For any quasi probability \(F\in \mathbb {C}\), \(A,C \in {\mathcal {A}}\) such that \(F(AC), F(A \overline{C})>_X \mathbf {0}\): \({\mathrm{S}}(\mathbb {C})\) and \({\mathrm{C}}(\mathbb {C})\) imply \(F(C|A) =F(A > C)=F(C)\).

Call a plausibility function \(F\)trivial, if there are no 3 disjoint propositions \(C,D,E \in {\mathcal {A}}\) such that they are \(F\)-possible (this is, \(F(C), F(D), F(E)>_X \mathbf {0}\)). We now prove Triviality (Corollary 4 in the text).

Corollary 6

(Lewis-like triviality) There is no class \(\mathbb {C}\) of quasi probability functions, such that \({\mathrm{S}}(\mathbb {C})\) and \({\mathrm{C}}(\mathbb {C})\), unless all \(F\in \mathbb {C}\) are trivial.

Proof

Assume there is a class \(\mathbb {C}\) of quasi probability functions such that \({\mathrm{S}}(\mathbb {C})\) and \({\mathrm{C}}(\mathbb {C})\). Assume (for reductio) that \(\mathbb {C}\) contains a non-trivial quasi probability \(F\). Therefore, there are disjoint \(C,D,E \in {\mathcal {A}}\) such that \(F(C), F(D), F(E) >_X \mathbf {0}\). Consider \(A = C \cup D\). Thus \(AC = C\) and \(A \overline{C} =D\). Hence \(F(AC),F(A\overline{C})>0\), as well as \(F(A), F(C), F(\overline{C})>_X \mathbf {0}\) (Pl1).

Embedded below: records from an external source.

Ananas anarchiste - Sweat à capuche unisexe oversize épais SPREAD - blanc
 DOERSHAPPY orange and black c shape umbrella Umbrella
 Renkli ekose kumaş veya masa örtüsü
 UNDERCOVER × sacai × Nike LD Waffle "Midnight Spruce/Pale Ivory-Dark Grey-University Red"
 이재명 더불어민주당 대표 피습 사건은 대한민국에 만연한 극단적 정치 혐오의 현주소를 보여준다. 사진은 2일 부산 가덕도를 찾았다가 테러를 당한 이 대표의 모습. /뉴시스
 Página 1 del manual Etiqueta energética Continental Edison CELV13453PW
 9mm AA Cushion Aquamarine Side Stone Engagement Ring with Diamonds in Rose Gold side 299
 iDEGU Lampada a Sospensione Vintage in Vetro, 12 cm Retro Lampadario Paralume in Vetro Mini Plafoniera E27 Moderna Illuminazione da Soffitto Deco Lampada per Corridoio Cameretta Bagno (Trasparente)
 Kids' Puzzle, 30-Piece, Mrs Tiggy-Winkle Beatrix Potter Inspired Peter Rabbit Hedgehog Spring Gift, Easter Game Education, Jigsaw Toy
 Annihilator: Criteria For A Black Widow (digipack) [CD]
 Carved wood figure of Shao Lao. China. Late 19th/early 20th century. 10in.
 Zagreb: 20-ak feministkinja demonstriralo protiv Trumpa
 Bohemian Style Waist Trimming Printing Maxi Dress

Since \(F\in \mathbb {C}\) and \(A,C \in {\mathcal {A}}\), we have \(A > C \in {\mathcal {A}}\) (from \({\mathrm{S}}(\mathbb {C})\)) and because \(F\) is only defined over elements of \({\mathcal {A}}\)). Thus by the Corollary 5 to the triviality Theorem 7:

$$\begin{aligned} F(C|A) = F(C). \end{aligned}$$

However, note that \(F(C|A) = F(CA) \displaystyle \oslash F(A) = F(C) \displaystyle \oslash (F(C) \oplus F(D)) \ne F(C)\). Otherwise \(F(C) \oplus F(D) =\mathbf {1}\) (uniqueness of \(\mathbf {1}\)). But then \((F(C) \oplus F(D)) \oplus F(E) = \mathbf {1}\) and thus \(\mathbf {1}\oplus F(E) = \mathbf {1}\) and therefore \(F(E) = \mathbf {0}\) (uniqueness of \(\mathbf {0}\)). But then it is not possible that \(F(E)>_X \mathbf {0}\). This contradicts the assumption. \(\square \)

Comparative Remarks

The main differences between the approach of Morgan and Mares (1995) and Morgan (1999) and the one presented here are the following ones. In Morgan and Mares (1995) \(P(C| \varGamma )\) is a previously understood function, defined for a sentenceC and a set\(\varGamma \) of sentences. The generalised Stalnaker Thesis is directly assumed and instead of exploiting the equality \(P(C) = P(C|A)\) to prove triviality, they exploit the inequality \(P(C) \le P(C|A)\) (as I did in Theorem 5). In their framework this is the inequality \(P(C|\varGamma ) \le P(C| \varGamma \cup \{A\})\) [theorem 2.4 in Morgan and Mares (1995) and theorem V.6 in Morgan (1999)]. They also prove a slightly different triviality result, namely \(P(A|\varGamma )= P(B|\varGamma )\) for all \(A,B, \varGamma \) such that \(P(A|\varGamma ), P(B|\varGamma )\) are not maximal [theorem 3.1 in Morgan and Mares (1995) and theorem V.7 in Morgan (1999)]. The framework targets Adams’ Thesis and is built to allow formulating a non-standard probabilistic semantics. The logical relation between their assumptions and the assumptions made here is not clean cut, because of the difference in the result and the difference in the form of the conditional plausibility.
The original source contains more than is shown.